While there is a story at the beating heart of No Man’s Sky – it’s really only used to prod you in the right direction should your explorative ways take you too far into the depths of outer space. Because of this, it’s completely up to you how you spend your time in the game. If you want to live on the fringes of space, upgrading your ship and attacking merchants and cargo vessels for their space booty, have at it. If your calling is to be an adventurer; finding new species, planets and star systems for personal glory, then that’s all good. You do you.
When you’re not out exploring, interactions with the various sentient alien lifeforms in the game play out like an old-school text adventure – where you have a block of text describing a scenario and a few options detailing what you’d like to do. Most times, you won’t have a clue what the alien is saying, but you can learn their language from monoliths and ruins hidden away on planets, or by asking the aliens themselves once you’ve become better acquainted. It’s a neat little system that breaks up your continuous search for valuable resources, and makes you feel like you’re not entirely alone out there.
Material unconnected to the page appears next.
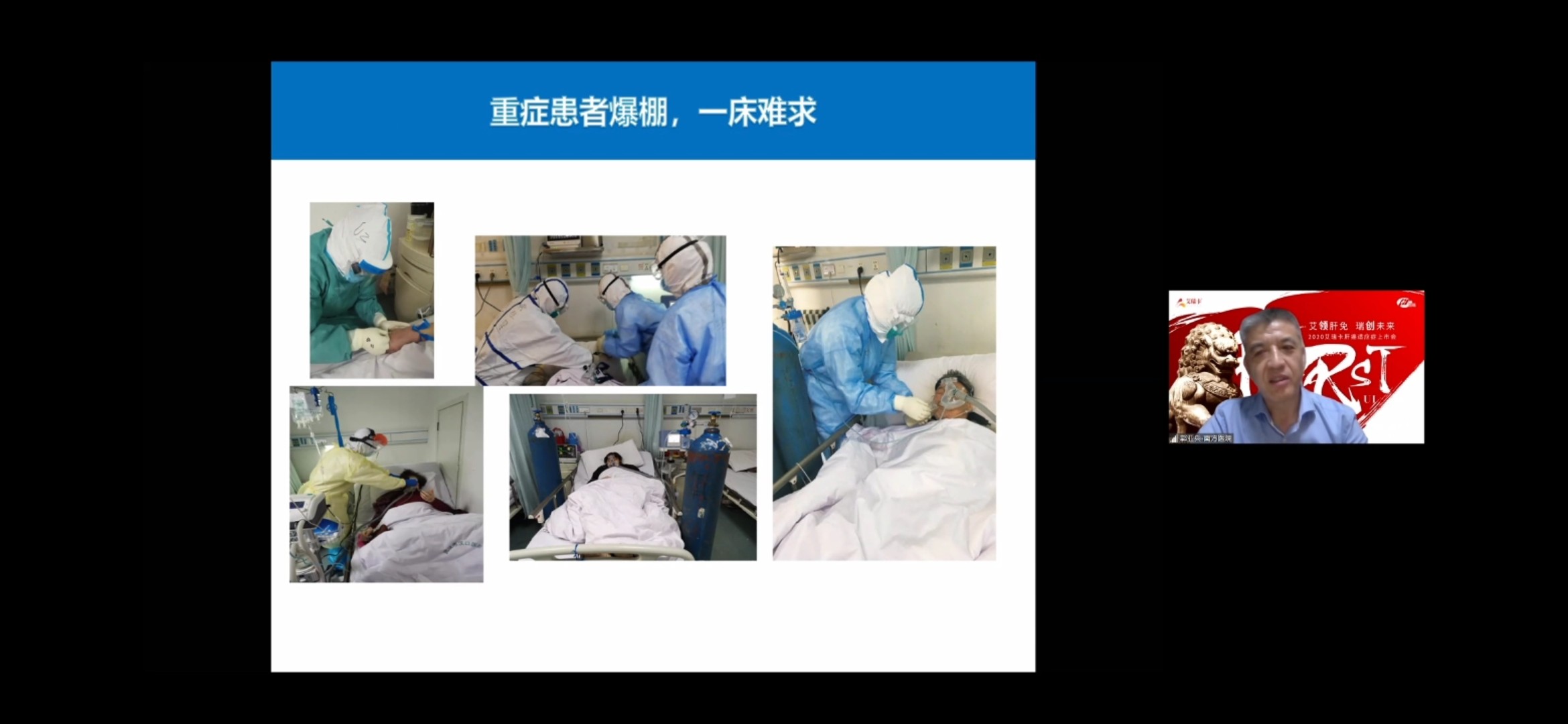 山東前沿醫(yī)療器械股份有限公司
As fun as this all sounds, the game is not without its pitfalls. Presently, there’s only so much you can do in the universe, and farming for materials to keep your life support juiced and your hyperdrive spinning can become monotonous very quickly – this is made more frustrating by your lack of carry space at the start being largely outweighed by the speed you can gobble up resources. The heady thrill of discovery can also become depleted when you realise that many of the creatures, rocks and plantlife will simply be slight variations of what you’ve already seen, patched together differently and with a new lick of paint.
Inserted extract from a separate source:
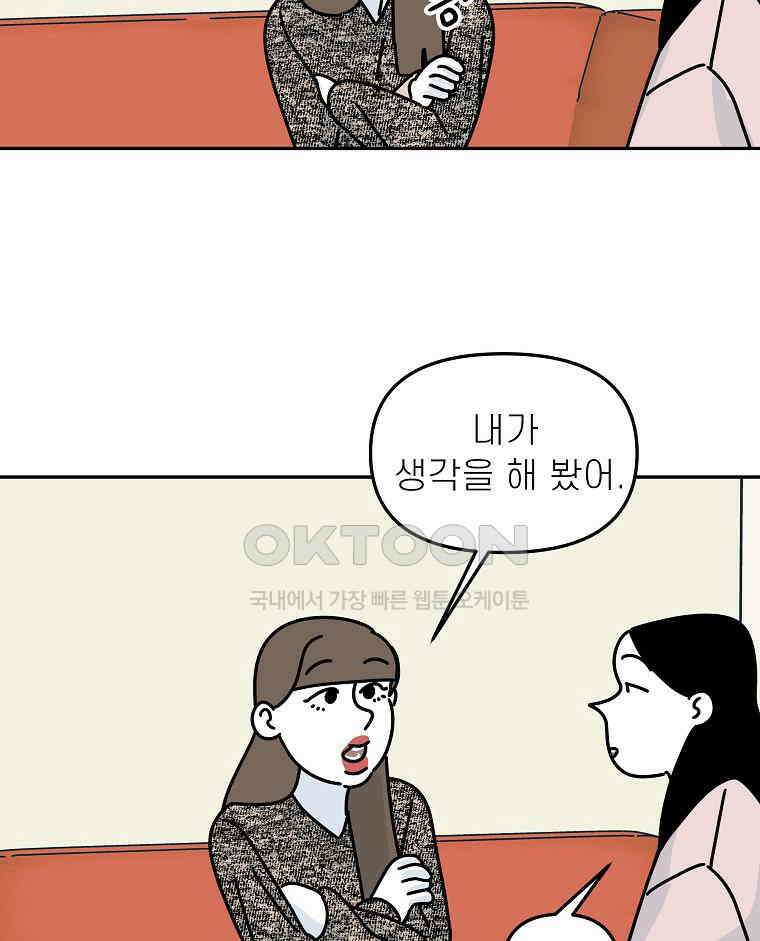 적당한 온도 153화 16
Combat, too, is a bizarre mix of dull and difficult. You’ll only ever find yourself shooting at various aggressive animals or security drones on a planet’s surface. Neither are particularly challenging to defeat, but you’ll find your multipurpose weapon to be the real threat. Being able to switch between two firing types sounds great in practice, but they both use the same type of ammo – this means when one runs dry, they both do. If you want to re-stock them, you have to do it through a menu screen that doesn’t stop the action while you’re tinkering, leaving you completely exposed to a good licking.
On that subject, the menu screens are needlessly difficult to navigate, with the PS4 version of the game switching to a PC style cursor to peruse them. It’s a small detail, but when a lot of your time is spent shifting items around in your inventory it can get annoying.
Despite these grumbles No Man’s Sky is certainly still an impressive feat in videogame design, and it does have its moments of jaw-dropping awesomeness. The thought of blasting out of a space station to reveal a planet looming in front of you should never be met with a shrug by sci-fi fans after all. What the team at Hello Games have accomplished here is phenomenal; it just feels in some ways, the game has become a victim of its own hype. Many people expected an infinite universe full of infinite possibilities, bustling with life and things to do, but that’s just not what it is, and it’s not what Hello Games ever said it was. At its core, No Man’s Sky is a sci-fi, survival sim set in a procedurally generated sandbox. Suffice to say then, that the game we have at release is very much that.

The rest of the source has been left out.